Si l’expression “Intelligence Artificielle” est fréquemment associée à un monde moderne et futuriste, elle ne relève pourtant pas du fictif. Comment cet univers surnaturel est-il devenu, justement, si naturel ?

L’intelligence Artificielle : supercherie ou véritable utilité ?

A ce jour, aucune définition officielle n’a été adoptée pour déterminer ce qu’englobe le terme d’ « Intelligence Artificielle ». Il est généralement entendu comme un domaine de la science tendant à permettre à des appareils électroniques de faire ce dont l’homme est capable moyennant une certaine intelligence.

Comme par enchantement (ou presque), votre ordinateur se voit ainsi en mesure de vous battre aux échecs, ou votre voiture autonome apte à vous conduire seule à bon port. Le Parlement Européen définit l’IA comme tout outil utilisé par une machine afin de « reproduire des comportements liés aux humains, tels que le raisonnement, la planification et la créativité »[4]. Ne vous bercez pas d’illusions, ces systèmes sont déjà omniprésents dans notre environnement.

Exemple 1 : Les agents conversationnels ou « ChatBots »

De nombreux organismes ont recours à des “ChatBots” dans le cadre de leurs relations avec les clients, notamment pour la gestion des réclamations ou la fourniture d’une assistance en ligne. Nous parlons bien de la « personne » avec qui vous conversez lorsque vous rencontrez un problème sur le site de votre banque, dans vos démarches dématérialisées, ou encore lorsque vous interrogez Siri, Google Assistant ou Alexa sur la météo de demain.

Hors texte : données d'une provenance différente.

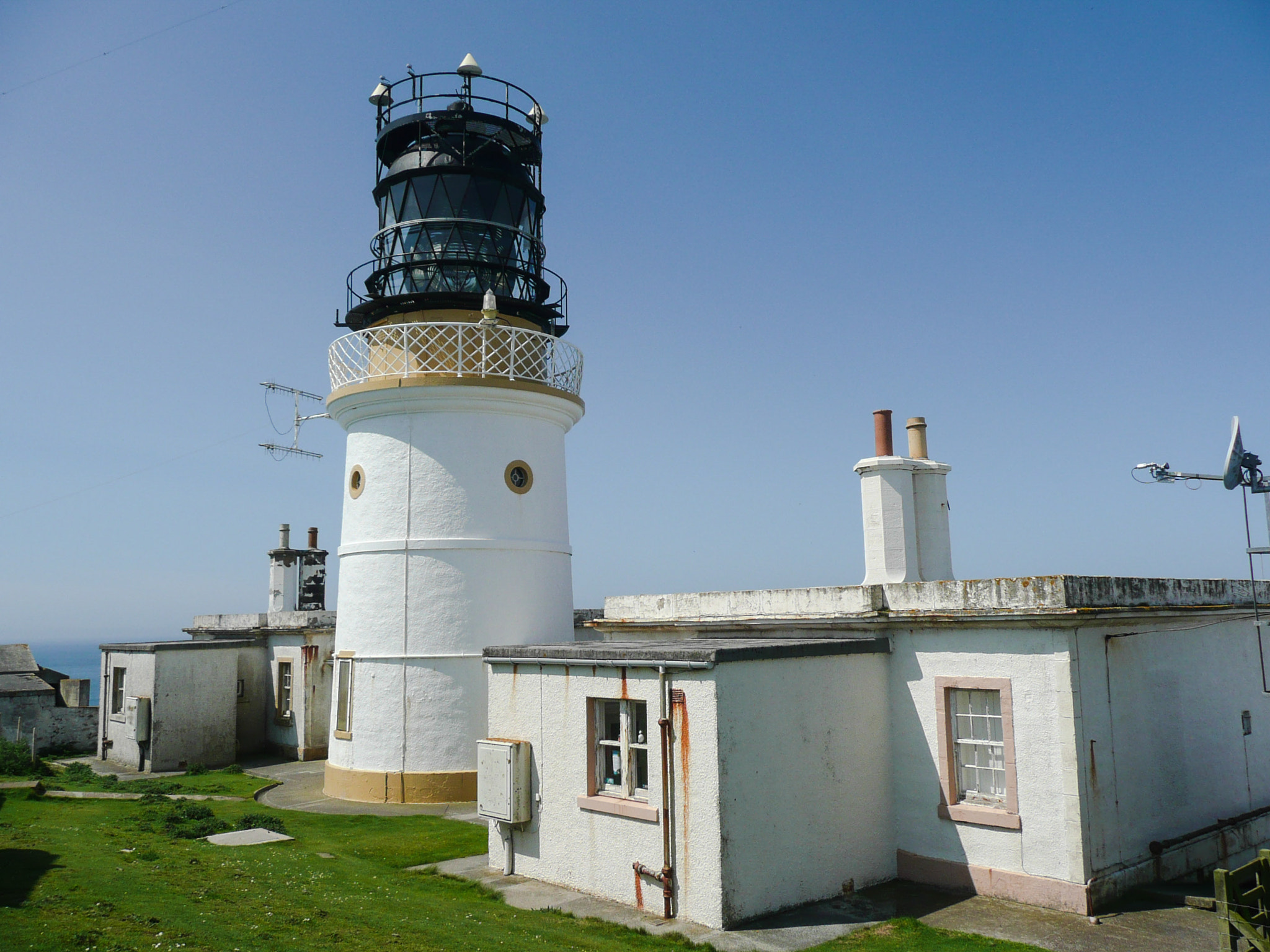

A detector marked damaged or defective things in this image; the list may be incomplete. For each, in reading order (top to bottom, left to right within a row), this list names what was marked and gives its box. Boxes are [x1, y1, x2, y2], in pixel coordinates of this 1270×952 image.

rusty pipe [873, 407, 893, 456]
rusty pipe [660, 664, 680, 917]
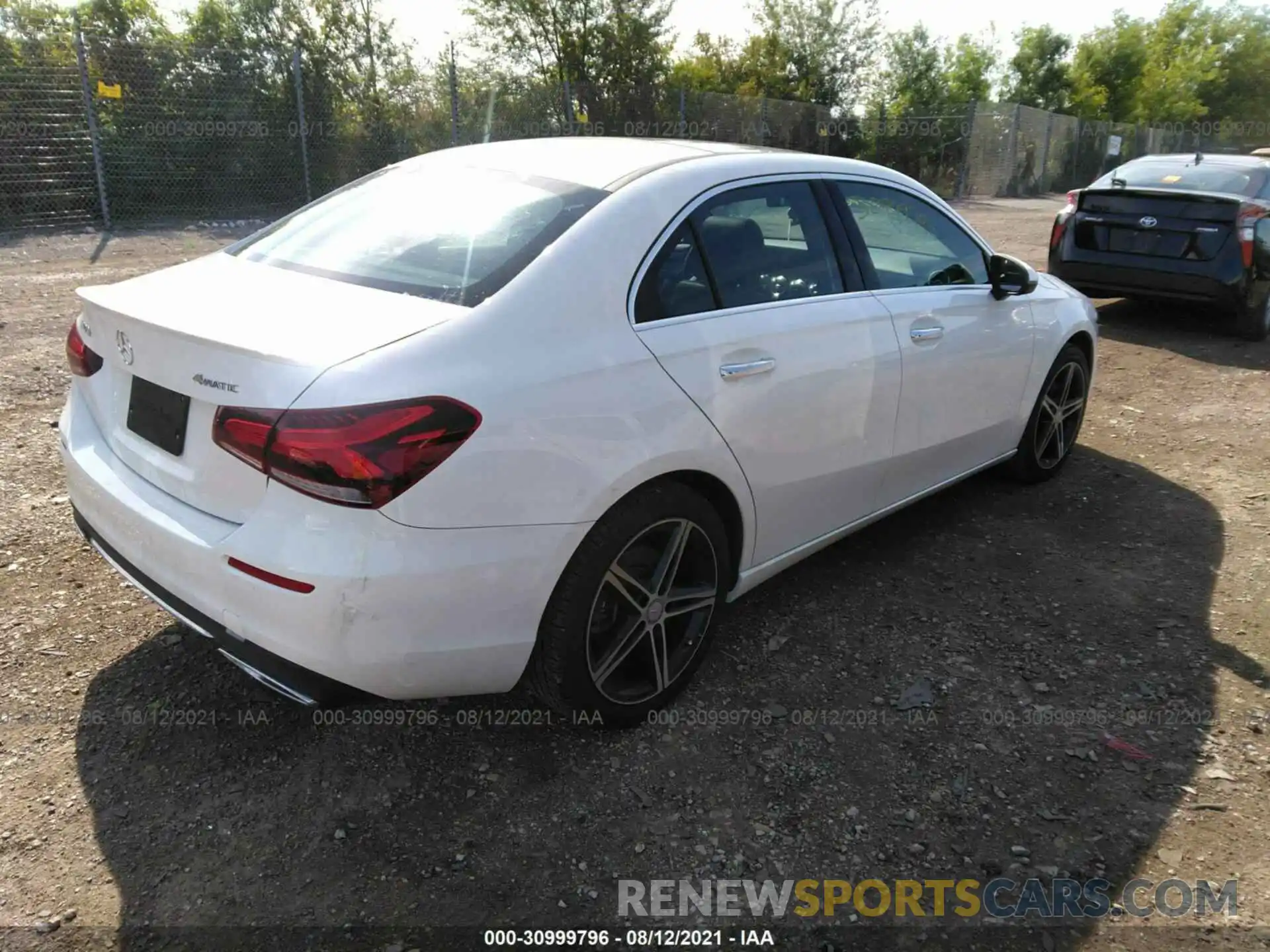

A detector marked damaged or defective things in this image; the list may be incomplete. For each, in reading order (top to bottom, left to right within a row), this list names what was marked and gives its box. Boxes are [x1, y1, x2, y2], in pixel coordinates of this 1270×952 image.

minor rear bumper damage [58, 383, 590, 703]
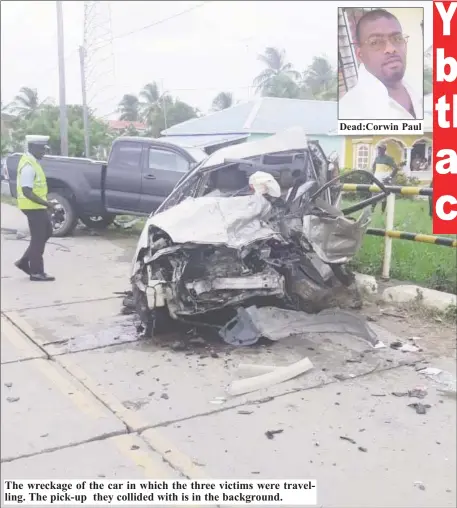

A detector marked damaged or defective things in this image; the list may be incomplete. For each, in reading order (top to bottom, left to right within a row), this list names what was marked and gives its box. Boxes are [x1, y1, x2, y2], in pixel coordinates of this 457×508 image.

broken car frame [128, 128, 388, 342]
severely crushed car [128, 127, 388, 344]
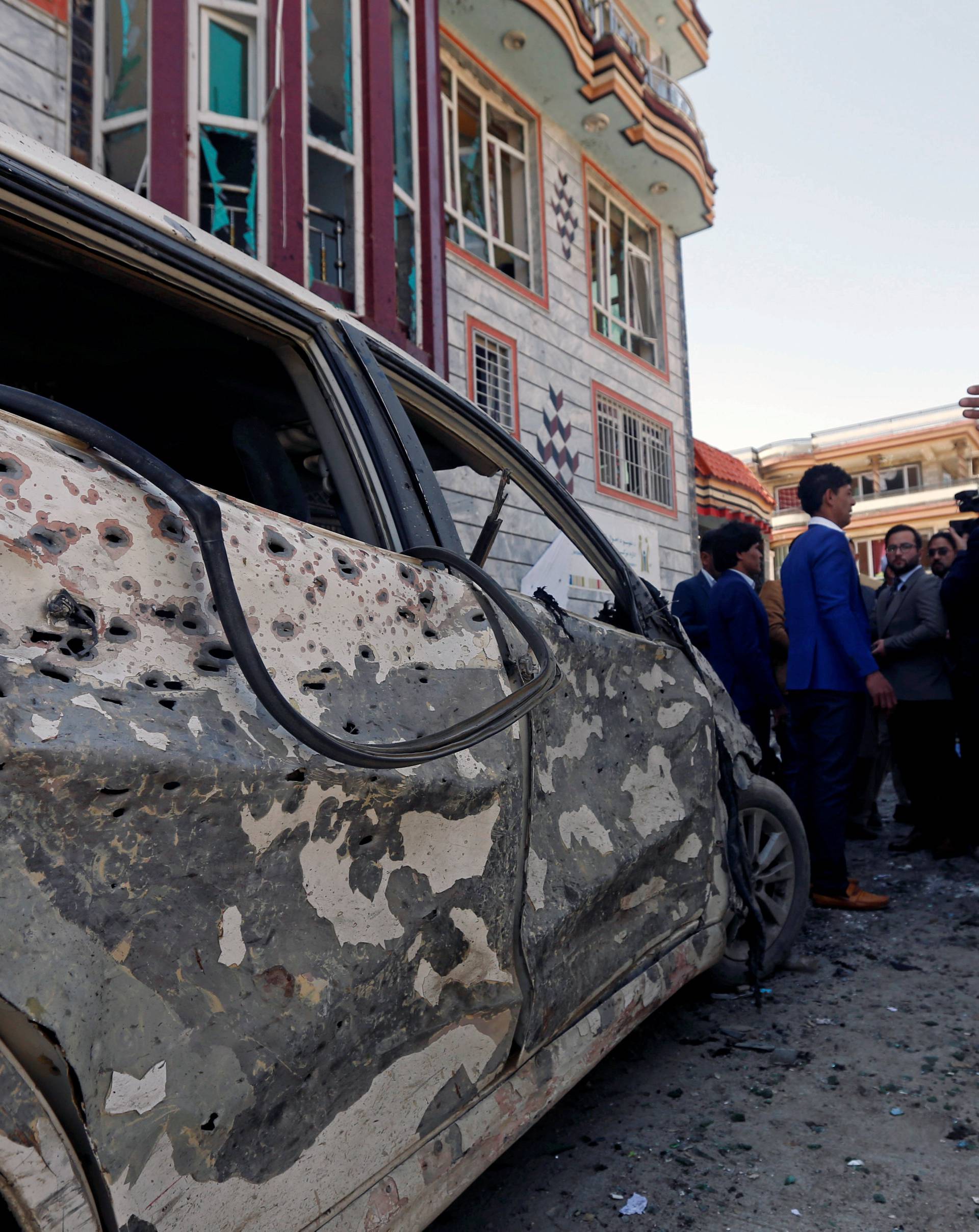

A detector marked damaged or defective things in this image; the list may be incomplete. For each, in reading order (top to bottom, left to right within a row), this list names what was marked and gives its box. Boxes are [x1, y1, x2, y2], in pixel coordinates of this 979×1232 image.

Ces robots conversationnels sont capables de comprendre la question qui leur est adressée en fonction de son contexte et d’y répondre de manière standardisée. Ils constituent des formes d’Intelligence Artificielle.

 

Capture d’écran d’un ChatBot sur le site de la Caisse d’Allocations Familiales

♦ Exemple 2 : Les dispositifs utilisant des techniques de partitionnement (ou clustering)

Ces techniques d’IA sont notamment utilisées à des fins de profilage en ligne. Elles permettent de vous proposer des contenus adaptés à vos préférences.

Exemples : suggestions de recherche sur le web, prédiction de mots sur vos claviers de portable, recommandations sur les réseaux sociaux ou les plateformes de streaming (musiques conseillées sur Deezer ou Spotify, liste de vidéos suggérées sur Netflix, etc.).

♦ Exemple 2 : Exemple 3 : Les outils d’aide à la décision

Le marché regorge désormais d’applications destinées à aider les entreprises à améliorer et accélérer leurs procédures, que ce soit en interne (aide au recrutement, prédiction du « turn over » des salariés…) ou en externe (algorithme de calcul pour l’attribution ou non d’un prêt bancaire, des risques assurantiels…).

Comment ça marche ? Trucs et astuces sur l’Intelligence Artificielle.

Afin de réaliser la tâche qui lui a été attribuée, la machine se voit d’un procédé automatisé reposant sur des algorithmes. Cette technique lui permet comme par magie, ou plutôt par l’application de règles mathématiques préalablement définies (des “modèles d’IA”), de générer une déduction ou une prédiction.

Grâce à ces modèles d’IA, l’appareil peut généralement étendre lui-même son champ de connaissances au fur et à mesure qu’il élargit sa base de données, par une méthode dite “d’apprentissage automatique“. Autrement dit, l’IA améliore sans cesse sa capacité à mimétiser les comportements humains à partir des informations qu’elle recueille progressivement. Ce tour de passe-passe repose donc sur la collecte et le traitement massifs de données potentiellement personnelles.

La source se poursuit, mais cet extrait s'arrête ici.